SPARC_Founders2

 SPARC was born in a time of change – the 1970s. It has, since its inception, been a catalyst for social change through the arts and a home for artistic innovation. Being a catalyst has often meant handling the many currents that flow through historical events at the moment they are occurring and working outside of typical art venues in the places where people live and work.

SPARC is a facilitator – finding ways to tell richly textured stories that help community participants and artists achieve a measure of change and transformation. SPARC endeavors to communicate to the larger public – the means of communication may take many forms, from built architectural monuments, to murals or to new technological spaces such as the Internet. As with many organizations that articulate new visions and push the edges of content and aesthetics, SPARC is determined to be sustainable and relevant to the time we are living.

Since it was founded in 1976 by Chicana muralist and Distinguished UCLA Professor Judith F. Baca, Filmmaker/Director Donna Deitch, and Artist/Teacher Christina Schlesinger, SPARC’s artistic direction was formulated with the concept that the arts could be engaged with the most important issues of our time and that ordinary people/community members could be participants in the arts. SPARC chose to amplify the voices of those marginalized in our Los Angeles communities and to provide a new vision of what art could do: women, people of color, poor and working people, day laborers, youth, prisoners, etc became the focus in our programming.

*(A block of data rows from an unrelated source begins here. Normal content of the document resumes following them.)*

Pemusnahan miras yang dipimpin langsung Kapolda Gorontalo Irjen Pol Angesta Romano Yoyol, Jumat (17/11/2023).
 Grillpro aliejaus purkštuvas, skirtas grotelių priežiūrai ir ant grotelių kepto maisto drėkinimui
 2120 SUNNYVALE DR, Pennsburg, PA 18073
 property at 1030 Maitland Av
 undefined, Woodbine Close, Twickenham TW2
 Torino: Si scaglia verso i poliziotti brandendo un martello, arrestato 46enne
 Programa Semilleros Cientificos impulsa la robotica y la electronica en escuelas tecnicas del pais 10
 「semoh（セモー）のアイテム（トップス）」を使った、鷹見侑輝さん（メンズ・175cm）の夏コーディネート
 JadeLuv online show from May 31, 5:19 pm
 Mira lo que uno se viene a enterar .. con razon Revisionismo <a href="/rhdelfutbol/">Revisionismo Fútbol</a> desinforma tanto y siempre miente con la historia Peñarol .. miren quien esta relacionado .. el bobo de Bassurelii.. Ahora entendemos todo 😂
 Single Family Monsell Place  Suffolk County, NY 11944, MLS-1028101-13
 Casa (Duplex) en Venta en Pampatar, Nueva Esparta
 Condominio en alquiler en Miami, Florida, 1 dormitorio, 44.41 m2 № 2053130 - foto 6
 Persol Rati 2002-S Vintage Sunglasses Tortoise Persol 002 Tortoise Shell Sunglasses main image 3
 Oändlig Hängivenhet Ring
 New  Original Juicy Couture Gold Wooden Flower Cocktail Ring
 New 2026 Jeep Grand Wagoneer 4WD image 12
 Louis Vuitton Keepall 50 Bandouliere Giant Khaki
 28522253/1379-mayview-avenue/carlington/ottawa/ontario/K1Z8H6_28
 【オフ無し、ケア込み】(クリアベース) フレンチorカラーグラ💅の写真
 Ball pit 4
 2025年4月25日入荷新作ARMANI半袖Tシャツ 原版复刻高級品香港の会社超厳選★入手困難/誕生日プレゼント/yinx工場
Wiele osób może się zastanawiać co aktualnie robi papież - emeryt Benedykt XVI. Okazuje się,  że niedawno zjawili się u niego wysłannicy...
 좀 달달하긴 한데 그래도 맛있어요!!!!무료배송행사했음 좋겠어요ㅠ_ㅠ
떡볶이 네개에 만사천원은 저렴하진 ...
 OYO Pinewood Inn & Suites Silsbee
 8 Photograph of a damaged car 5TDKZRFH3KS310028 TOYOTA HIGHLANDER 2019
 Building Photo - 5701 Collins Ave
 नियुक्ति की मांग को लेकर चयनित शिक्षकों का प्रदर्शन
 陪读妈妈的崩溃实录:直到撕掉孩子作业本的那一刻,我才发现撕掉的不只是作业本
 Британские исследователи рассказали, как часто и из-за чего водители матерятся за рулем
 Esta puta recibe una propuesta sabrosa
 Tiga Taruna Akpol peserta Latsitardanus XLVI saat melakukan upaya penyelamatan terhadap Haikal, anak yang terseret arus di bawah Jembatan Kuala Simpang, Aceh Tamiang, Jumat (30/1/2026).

We believed, then as we do now, that art can exist in places where people live and work, therefore we are focused on a new “public art.” Our works are monuments that rise out of communities; memorializing what the people choose to remember.

Since 1976, we have taken the work to blighted streets in the inner city of Los Angeles and to concrete flood control channels; scars where our rivers once ran. We painted a 1/2-mile of the river with murals with 400 youth, built parks in vacant lots, hung photographic tapestries in senior citizens centers, and built sculptures for children to play on in vacant lots and produced hundreds of murals. Los Tres Grandes of Mexico, the popular culture of low riders, tattoos and political street writing, transformed by the aesthetics of each changing cultural group with whom we work, informed our sense of beauty and order. We continue to capture the rhythm of the streets in giant works that place an ethnic face on a city where a 129 languages are spoken in our schools but whose life and aesthetics are often not represented in the cities physical and aesthetic environments.

This concept, now more accepted, was radical in an era of “arts for arts sake” thought, during which we pioneered these aesthetic values. However, the need for our work has steadily grown with the massive demographic shifts affecting our city and country. Still today, no issue raised by a community is too difficult for us to approach with an artistic solution. In 1977, we opened the center with the ‘Jail House Break’ celebration and examined our own home, the former Venice Police Station and its historic use.